Take a close look at the 1970s version of Candy Land above. I played with the exact same board as a kid, mostly with babysitters who patiently endured Candy Land marathons on Friday nights while my parents were off at fondue parties. Everything on this board looks rather sweet and benign, well, unless you’re a parent who seriously fears sugary treats. The kids are certainly cute and wholesome looking.
Now check out the newer 1990s board, the second image in the gallery. I picked up this version at San Francisco’s Thrift Town when my daughter was in preschool. Notice some of the new characters who have joined the game such as Queen Frostine and Princess Lolly. Cutesy but still sweet.
The third image shows the newest 2010 version featuring the same Candy Land cast—although with all-new looks and much slimmer figures. It’s hard to make out the characters so look at the fourth image in the gallery of Queen Frostine.
Queen Frostine looks as if she made a trip to Los Angeles to get nipped and tucked before making an appearance on the 2010 board. She certainly dropped some serious cash on a haircut and highlights and picked up some diamonds on Rodeo Drive. And it looks as if she put in her time with a personal trainer—as she’s got a Barbie doll–thin waist.

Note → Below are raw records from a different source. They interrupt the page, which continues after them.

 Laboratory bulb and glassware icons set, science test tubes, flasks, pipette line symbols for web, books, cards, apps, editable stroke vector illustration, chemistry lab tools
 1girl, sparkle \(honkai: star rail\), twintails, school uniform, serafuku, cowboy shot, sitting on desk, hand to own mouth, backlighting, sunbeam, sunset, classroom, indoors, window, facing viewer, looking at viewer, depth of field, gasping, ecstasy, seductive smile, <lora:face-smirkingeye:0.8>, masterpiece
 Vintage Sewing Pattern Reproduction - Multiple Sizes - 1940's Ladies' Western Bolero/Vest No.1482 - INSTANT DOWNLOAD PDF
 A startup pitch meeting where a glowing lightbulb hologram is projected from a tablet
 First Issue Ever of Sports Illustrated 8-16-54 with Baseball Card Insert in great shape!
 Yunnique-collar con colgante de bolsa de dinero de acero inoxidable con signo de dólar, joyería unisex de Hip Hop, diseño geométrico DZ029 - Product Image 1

Yes, Candy Land has gotten what Peggy Orenstein over at TheAtlantic.com describes as a “hot makeover.” Orenstein, who often writes about the sexualization of childhood and authored the book Cinderella Ate my Daughter, put together a blog post showing the evolution of the beloved board game that takes players on an adventure through a land filled with treats. She points out how the characters have been sexed up: The Princess Lolly (above) waist is now super-skinny and Queen Frostine looks like a “Bratz” doll.
But Candy Land isn’t the only classic children’s toy to receive a sexy makeover in the last decade.

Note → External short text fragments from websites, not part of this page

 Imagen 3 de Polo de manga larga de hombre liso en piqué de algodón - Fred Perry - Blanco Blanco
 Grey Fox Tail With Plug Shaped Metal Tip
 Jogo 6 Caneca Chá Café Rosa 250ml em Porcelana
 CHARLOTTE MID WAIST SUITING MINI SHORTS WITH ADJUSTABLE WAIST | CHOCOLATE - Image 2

The Strawberry Shortcake of my 1970s youth was freckle-faced, rosy-cheeked and slightly plump. She carried around a pink cat named Calico and wore a ruffly dress and brown sensible shoes. She looked about 6 or 7 years old, which seemed appropriate because that was the age of the girls playing with this doll.

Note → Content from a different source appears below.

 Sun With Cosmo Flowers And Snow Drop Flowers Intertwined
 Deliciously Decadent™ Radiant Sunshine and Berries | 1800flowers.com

Fast-forward 30 years and the little girl with the sweet strawberry scent has lost her freckles, her round cheeks, and a lot of weight. Yes, this might be good for Michelle Obama’s “Let’s Move” campaign, but the Strawberry Shortcake of the 21st century looks more like a tween than a kindergartner with slimming clothes and a stylish haircut. Oh, and she lost her cat for a cell phone.
Dora the Explorer, Holly Hobbie, and Rainbow Brite have all gone on diets, visited the beauty salon, and started shopping at Forever 21. They’ve become yet another example of impossibly beautiful females flaunting what Orenstein describes as “unattainable” and “implausible” figures. And this isn’t good for the self image of a girl who plays with these toys. Consider this study that Orenstein describes:
In [a] study, researchers engaged three-to-five-year-old girls in games of, yes, Candy Land as well as Chutes & Ladders, asking them to choose among three game pieces—a thin one, an average-sized one and a fat one—to represent themselves. While in the past children that age showed little ability to distinguish between average and thin weights, today’s wee ones grabbed thin pieces at higher rates not only than fat ones but than those of “normal” weight. When asked by researchers to swap a thin figure for a fat one, the girls not only recoiled but some refused to even touch the chubbier game piece making comments such as, “I hate her, she has a fat stomach,” or “She is fat. I don’t want to be that one.”
It seems reasonable that toy companies would want to update the animated friends of our youth–after all many of the characters have become rather kitschy looking. Even the sweet 1970s Strawberry Shortcake looks a little dowdy. Plus, what kid of today wants to play with the same, exact toys their stodgy parents enjoyed as children?
But there’s an unsettling trend that you’ll notice as you look at the “then” and “now” toy photos above. In most cases, the girl characters have matured many years–they’ve gone from preschoolers to tweens, yet it’s still kids ages 6 and 7 who are enamored with these characters. Does a preschooler really need to play with a doll that looks like a tart?